WORK REQUEST. All lines from the one bearing "Продава МНОГОСТАЕН, град" through the end of the data below must be printed exactly as they stand, with pictures removed.

INFORMATION PROVIDED.
#####
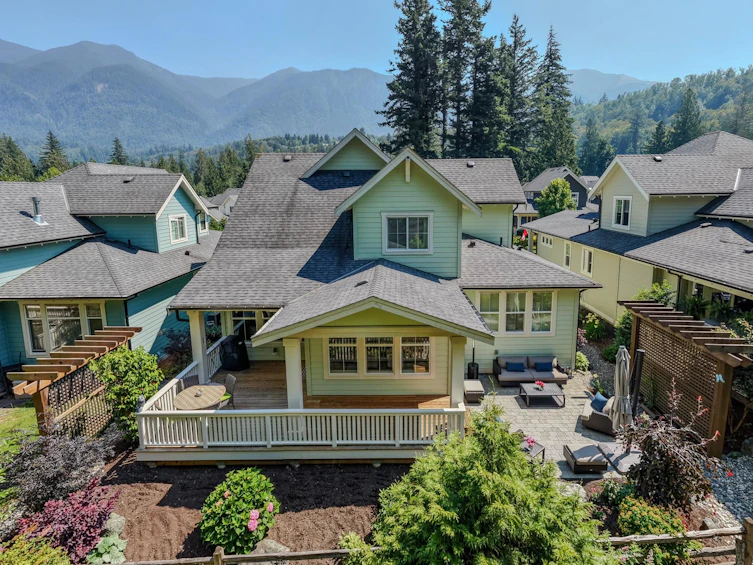 43306 Creekside Circle, Cultus Lake, BC, V2R 0Z4 - 36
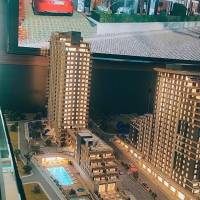حسن غیورنهند پروفایل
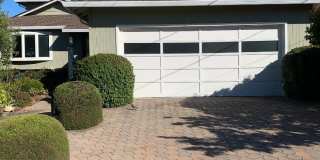 3308 Adelaide WAY 3308 Adelaide WAY Photo Gallery 1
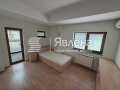 Продава МНОГОСТАЕН, град София, Лозенец • 650000 € • 67998614 — Holmes.bg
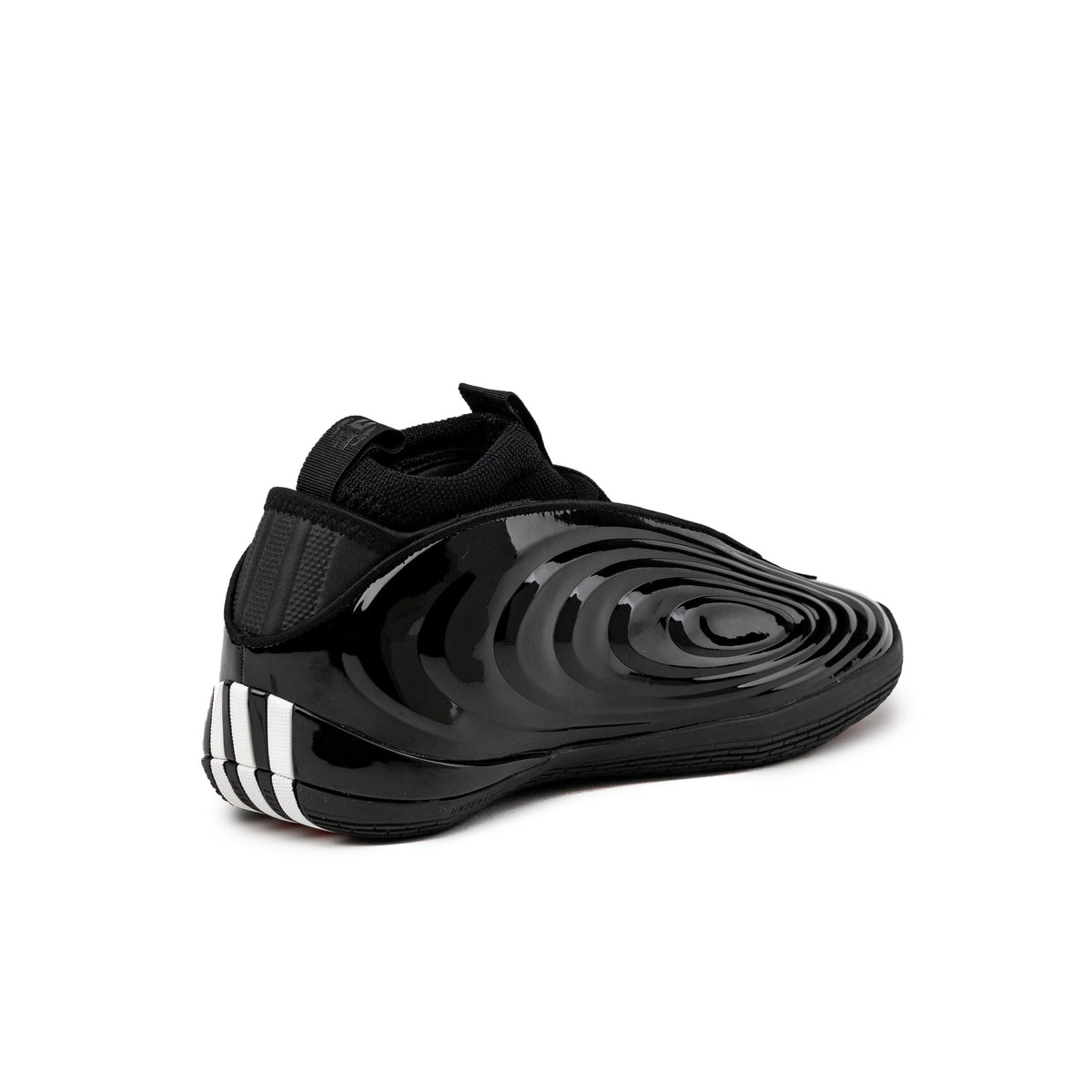 Adidas Harden Volume 10 Sneaker » Buy online now!
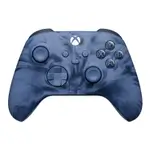 XBOX Wireless Controller - Storm Cloud Vapor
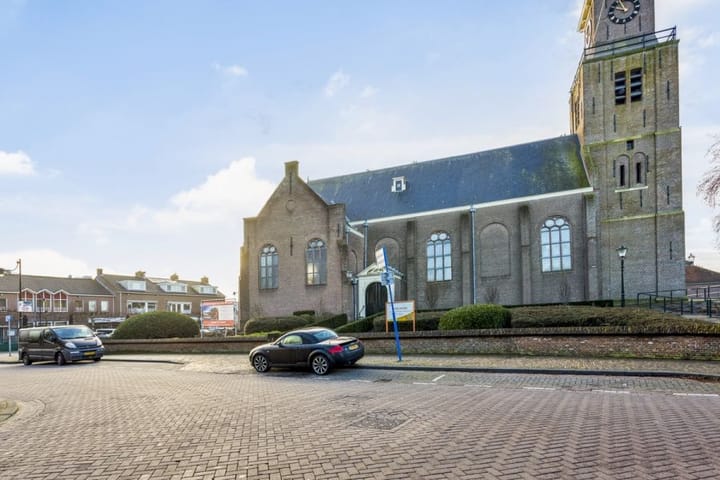 Foto 24 van Dorpsstraat 44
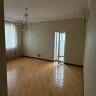 Продается 4-х комнатная квартира, пр.-т Ильича, дом 21, ЖК "Альтком", арт. 6154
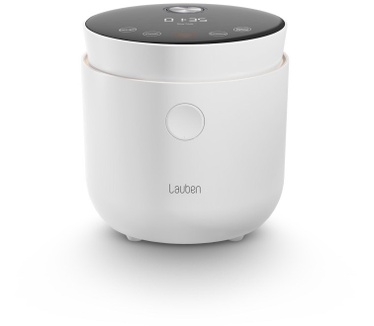 Lauben LBNRCD1500WT
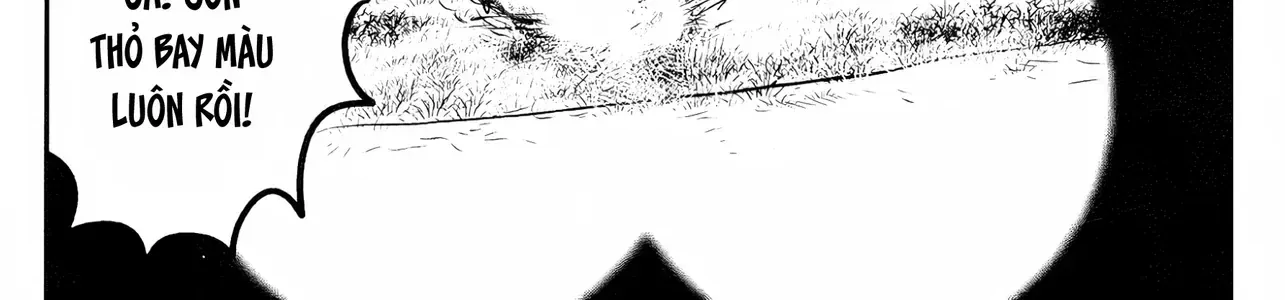 Tuyển Tập Thuốc Lá Chap 1 - Next Chap 2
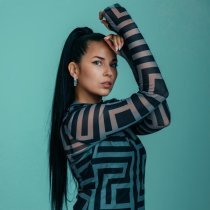 Анна Тимнина - Думать о тебе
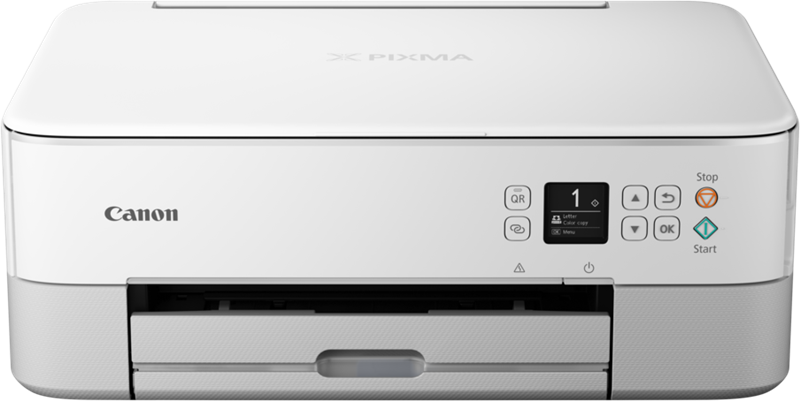 canon-pixma-ts5351i-multifunktionsdrucker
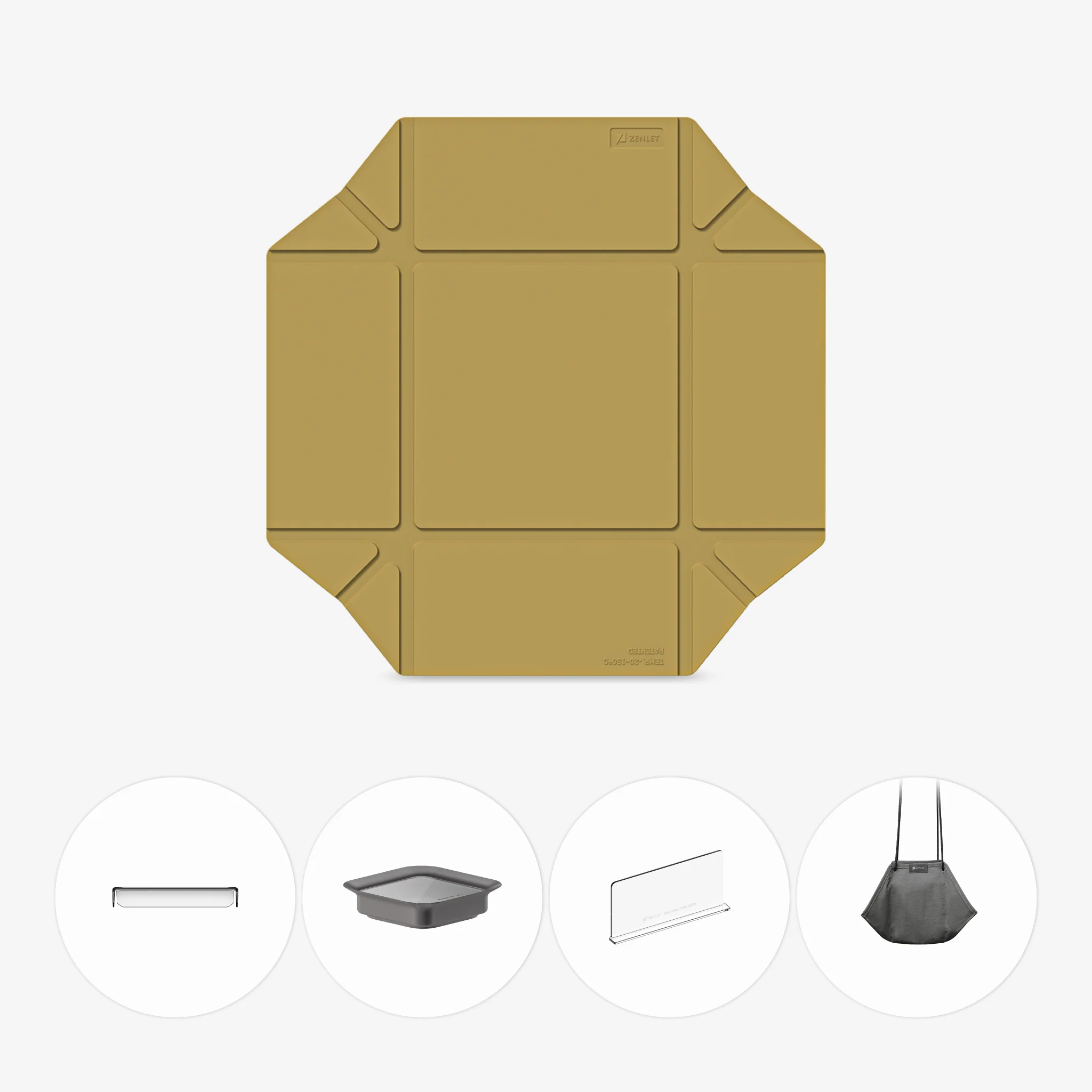 FoldiBox 2 Series - Full Set (M) - Image 4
#####
RESULT.
 Продава МНОГОСТАЕН, град София, Лозенец • 650000 € • 67998614 — Holmes.bg
 Adidas Harden Volume 10 Sneaker » Buy online now!
 XBOX Wireless Controller - Storm Cloud Vapor
 Foto 24 van Dorpsstraat 44
 Продается 4-х комнатная квартира, пр.-т Ильича, дом 21, ЖК "Альтком", арт. 6154
 Lauben LBNRCD1500WT
 Tuyển Tập Thuốc Lá Chap 1 - Next Chap 2
 Анна Тимнина - Думать о тебе
 canon-pixma-ts5351i-multifunktionsdrucker
 FoldiBox 2 Series - Full Set (M) - Image 4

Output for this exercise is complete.